HARAVGİ gazetesinin bugünkü ana haberi “ Gerçeği saklıyorlar” başlığı altında Cumhurbaşkanı Dimitris Hristofyas’ın dün emekliler örgütü EKİSİ’nin Limasol’daki toplantısı sırasında yaptığı konuşması. Gazeteye göre Cumhurbaşkanı Hristofyas bankaların borçlarının özünde kâr hırsları ile yanlış faaliyetlerinden geldiğini söyledi ve krizin küresel boyutta, Avrupa boyutunda ve Kıbrıs’taki nedenlerinin analizi için doğu ve objektif değerlendirmeler yapılmasını istedi. Bazılarının gözlerinin kapatıp küresel krizin sorumlusu olarak da Hristofyas ile hükümetini görmek istediklerine dikkat çekti. Hükümetinin yaptığı tüm olumlu şeylerin gizli tutulmaya çalışıldığını da belirtti ve ülkede gerçeğin yerini alması gerektiğine vurgu yaptı.  “Bu hükümetin bizim için neler yaptığını halka söylememiz gerekir.  Eğer bugün bir başka hükümet olsaydı Troyka ve diğer gelecek olanlarla çakışmış durumda olacaktı” dedi.  Kıbrıs bankaları ile ilgili konuşurken de “ Almanlar Yunanistan devlet tahvillerini ellerinden çıkarırken bizimkiler gidip alıyordu” dedi ve bu durumun sorumlusunun hükümet olup olmadığını sordu.
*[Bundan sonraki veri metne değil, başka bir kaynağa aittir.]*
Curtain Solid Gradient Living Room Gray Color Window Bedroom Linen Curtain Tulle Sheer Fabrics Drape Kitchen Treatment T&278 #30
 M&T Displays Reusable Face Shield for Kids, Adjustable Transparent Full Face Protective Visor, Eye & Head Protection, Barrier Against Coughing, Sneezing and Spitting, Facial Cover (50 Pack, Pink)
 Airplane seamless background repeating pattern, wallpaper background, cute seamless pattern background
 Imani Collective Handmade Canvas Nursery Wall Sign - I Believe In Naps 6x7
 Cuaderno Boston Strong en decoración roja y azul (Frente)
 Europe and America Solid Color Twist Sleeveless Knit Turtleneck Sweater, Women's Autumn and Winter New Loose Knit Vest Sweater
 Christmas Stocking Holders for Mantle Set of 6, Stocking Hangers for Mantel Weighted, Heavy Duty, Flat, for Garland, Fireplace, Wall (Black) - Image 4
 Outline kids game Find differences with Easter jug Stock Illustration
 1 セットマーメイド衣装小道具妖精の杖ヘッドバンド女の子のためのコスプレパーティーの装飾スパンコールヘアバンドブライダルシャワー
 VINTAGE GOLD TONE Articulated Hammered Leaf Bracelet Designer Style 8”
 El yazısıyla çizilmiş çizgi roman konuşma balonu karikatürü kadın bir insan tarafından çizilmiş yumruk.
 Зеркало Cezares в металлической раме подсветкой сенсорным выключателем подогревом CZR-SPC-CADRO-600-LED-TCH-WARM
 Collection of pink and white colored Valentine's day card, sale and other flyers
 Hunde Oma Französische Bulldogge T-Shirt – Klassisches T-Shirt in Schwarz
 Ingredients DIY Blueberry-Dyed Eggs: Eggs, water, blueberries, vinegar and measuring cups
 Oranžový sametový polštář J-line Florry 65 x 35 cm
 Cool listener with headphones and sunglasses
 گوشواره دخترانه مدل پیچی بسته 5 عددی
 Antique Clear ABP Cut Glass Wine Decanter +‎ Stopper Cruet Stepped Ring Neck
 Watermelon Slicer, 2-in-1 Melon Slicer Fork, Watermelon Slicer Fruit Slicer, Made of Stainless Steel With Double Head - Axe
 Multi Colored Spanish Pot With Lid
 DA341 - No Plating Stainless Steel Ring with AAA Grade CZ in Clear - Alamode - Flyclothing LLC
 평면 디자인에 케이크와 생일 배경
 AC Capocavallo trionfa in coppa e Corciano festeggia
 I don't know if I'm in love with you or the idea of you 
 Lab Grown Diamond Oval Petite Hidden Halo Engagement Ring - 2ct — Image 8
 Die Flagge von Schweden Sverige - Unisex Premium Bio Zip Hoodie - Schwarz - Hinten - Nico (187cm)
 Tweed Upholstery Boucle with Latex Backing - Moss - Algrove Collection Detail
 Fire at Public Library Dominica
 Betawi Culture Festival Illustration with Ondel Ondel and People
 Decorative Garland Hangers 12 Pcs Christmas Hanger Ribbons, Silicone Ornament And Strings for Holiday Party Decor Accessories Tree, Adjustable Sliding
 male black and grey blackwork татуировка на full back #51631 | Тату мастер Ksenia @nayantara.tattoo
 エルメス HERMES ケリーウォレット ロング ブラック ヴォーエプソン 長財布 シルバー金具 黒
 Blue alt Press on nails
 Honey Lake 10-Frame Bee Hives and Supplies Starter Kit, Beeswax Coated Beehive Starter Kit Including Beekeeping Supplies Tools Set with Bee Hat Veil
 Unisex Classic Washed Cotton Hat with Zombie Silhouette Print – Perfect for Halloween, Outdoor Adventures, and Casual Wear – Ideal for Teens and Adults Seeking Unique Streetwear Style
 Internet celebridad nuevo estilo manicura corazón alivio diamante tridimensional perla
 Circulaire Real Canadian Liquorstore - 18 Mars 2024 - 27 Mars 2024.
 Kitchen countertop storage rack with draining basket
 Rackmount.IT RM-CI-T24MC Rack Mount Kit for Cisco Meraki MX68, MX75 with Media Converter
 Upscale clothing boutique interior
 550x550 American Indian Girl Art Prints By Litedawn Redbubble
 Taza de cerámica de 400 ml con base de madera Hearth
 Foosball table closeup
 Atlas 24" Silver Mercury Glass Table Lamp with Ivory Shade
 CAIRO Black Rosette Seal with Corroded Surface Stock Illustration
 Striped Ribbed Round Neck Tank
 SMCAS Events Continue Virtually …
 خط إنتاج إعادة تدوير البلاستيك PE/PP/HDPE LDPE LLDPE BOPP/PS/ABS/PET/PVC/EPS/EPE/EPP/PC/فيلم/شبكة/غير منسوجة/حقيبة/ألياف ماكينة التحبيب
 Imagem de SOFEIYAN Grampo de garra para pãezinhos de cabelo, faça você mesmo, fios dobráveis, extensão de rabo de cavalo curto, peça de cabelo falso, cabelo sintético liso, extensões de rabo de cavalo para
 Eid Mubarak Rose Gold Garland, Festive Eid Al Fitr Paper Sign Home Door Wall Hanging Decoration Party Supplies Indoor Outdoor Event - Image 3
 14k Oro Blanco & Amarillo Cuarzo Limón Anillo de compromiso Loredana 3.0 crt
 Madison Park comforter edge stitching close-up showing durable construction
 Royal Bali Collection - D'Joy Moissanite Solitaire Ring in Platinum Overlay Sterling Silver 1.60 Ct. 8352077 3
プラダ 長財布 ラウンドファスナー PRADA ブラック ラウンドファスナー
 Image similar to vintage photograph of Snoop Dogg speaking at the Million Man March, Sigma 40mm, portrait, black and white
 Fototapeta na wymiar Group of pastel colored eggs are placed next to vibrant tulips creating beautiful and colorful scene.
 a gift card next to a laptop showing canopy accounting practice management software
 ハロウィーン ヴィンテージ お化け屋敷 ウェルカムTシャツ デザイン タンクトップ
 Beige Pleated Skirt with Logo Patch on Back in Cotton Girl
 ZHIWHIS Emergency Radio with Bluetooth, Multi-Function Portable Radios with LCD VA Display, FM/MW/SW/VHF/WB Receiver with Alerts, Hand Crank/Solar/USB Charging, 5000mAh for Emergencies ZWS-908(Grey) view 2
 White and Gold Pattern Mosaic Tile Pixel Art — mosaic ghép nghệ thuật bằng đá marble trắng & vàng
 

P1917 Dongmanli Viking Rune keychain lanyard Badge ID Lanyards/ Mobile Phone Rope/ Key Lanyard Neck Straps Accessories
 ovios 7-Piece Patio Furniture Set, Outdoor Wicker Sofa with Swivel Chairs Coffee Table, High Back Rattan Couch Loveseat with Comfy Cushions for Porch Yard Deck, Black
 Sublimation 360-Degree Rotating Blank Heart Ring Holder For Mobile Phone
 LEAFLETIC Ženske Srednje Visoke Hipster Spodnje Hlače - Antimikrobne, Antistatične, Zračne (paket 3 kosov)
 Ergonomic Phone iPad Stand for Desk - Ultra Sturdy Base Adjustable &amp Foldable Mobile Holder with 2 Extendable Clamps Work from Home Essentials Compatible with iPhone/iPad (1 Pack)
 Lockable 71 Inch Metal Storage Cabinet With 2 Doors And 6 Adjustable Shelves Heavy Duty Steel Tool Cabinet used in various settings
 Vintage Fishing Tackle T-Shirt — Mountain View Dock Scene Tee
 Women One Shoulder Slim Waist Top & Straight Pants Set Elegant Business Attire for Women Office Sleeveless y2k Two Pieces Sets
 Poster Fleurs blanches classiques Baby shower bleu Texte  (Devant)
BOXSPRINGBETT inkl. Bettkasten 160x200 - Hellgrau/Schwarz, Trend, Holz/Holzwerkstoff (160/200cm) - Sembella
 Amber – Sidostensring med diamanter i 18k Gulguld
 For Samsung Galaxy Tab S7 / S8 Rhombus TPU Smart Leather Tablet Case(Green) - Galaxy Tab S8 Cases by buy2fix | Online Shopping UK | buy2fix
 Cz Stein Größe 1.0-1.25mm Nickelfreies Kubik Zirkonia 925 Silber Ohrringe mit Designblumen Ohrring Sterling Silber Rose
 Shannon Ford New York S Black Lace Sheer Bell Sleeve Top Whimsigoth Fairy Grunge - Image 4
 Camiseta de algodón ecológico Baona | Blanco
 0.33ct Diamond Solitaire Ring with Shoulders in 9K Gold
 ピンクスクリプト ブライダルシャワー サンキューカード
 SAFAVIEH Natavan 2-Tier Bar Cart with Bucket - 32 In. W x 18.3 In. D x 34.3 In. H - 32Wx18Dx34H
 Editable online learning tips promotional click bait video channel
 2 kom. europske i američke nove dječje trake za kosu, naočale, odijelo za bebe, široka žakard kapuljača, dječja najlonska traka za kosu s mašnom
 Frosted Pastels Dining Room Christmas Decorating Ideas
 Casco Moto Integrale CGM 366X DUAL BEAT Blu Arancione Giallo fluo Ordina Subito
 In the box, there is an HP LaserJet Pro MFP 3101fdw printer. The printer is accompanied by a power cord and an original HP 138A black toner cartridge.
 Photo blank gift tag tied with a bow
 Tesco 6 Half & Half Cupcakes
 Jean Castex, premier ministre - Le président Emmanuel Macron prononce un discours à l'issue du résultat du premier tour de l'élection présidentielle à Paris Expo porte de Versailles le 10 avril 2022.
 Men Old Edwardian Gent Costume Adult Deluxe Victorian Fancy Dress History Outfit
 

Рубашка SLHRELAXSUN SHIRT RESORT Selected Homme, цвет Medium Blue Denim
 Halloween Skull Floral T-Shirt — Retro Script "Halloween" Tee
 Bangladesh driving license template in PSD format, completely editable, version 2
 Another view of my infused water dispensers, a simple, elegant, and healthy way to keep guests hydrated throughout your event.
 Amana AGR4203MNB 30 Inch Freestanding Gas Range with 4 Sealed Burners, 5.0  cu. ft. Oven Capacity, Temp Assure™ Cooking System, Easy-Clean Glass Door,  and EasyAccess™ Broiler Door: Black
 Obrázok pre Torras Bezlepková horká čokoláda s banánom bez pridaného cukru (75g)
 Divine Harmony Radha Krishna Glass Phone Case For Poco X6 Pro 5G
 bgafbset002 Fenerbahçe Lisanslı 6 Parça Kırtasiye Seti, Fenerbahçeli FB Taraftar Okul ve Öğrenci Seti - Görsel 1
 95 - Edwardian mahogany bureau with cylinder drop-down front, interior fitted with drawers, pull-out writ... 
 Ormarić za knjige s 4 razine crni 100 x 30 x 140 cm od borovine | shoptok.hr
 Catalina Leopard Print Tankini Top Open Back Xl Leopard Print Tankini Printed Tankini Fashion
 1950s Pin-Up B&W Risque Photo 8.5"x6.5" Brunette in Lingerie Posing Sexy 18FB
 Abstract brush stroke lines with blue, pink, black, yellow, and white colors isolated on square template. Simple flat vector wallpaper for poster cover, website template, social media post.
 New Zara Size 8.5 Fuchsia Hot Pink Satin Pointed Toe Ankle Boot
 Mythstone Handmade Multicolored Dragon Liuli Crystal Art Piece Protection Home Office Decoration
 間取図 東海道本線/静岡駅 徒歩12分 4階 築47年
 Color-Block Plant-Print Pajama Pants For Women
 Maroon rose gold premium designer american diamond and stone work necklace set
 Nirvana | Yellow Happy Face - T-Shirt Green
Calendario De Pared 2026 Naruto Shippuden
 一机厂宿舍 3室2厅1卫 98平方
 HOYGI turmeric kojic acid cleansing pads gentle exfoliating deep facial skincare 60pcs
Gazetenin diğer haberlerinden bazıları

İçişleri bakanı Eleni Mavru iki sanatçı, barış ve yeniden yakınlaşma mücadelecisi, Kirliças ile Köseoğlu için düzenlenen bir anma toplantısında konuşurken onların zor tarihi dönemlerde, kin ve nefret dolu bir dönemde kültür alanındaki çalışmaları ve sosyal direnişleriyle ilham kaynağı olduklarını söyledi.   

İşgal bölgesinde biriken çöpler nedeniyle sağlık birimleri önlem alıyor. Bu çöplerin özgür bölgeye de olası olumsuz etkisini engellemek amacıyla bazı önleyici önlemler alındı.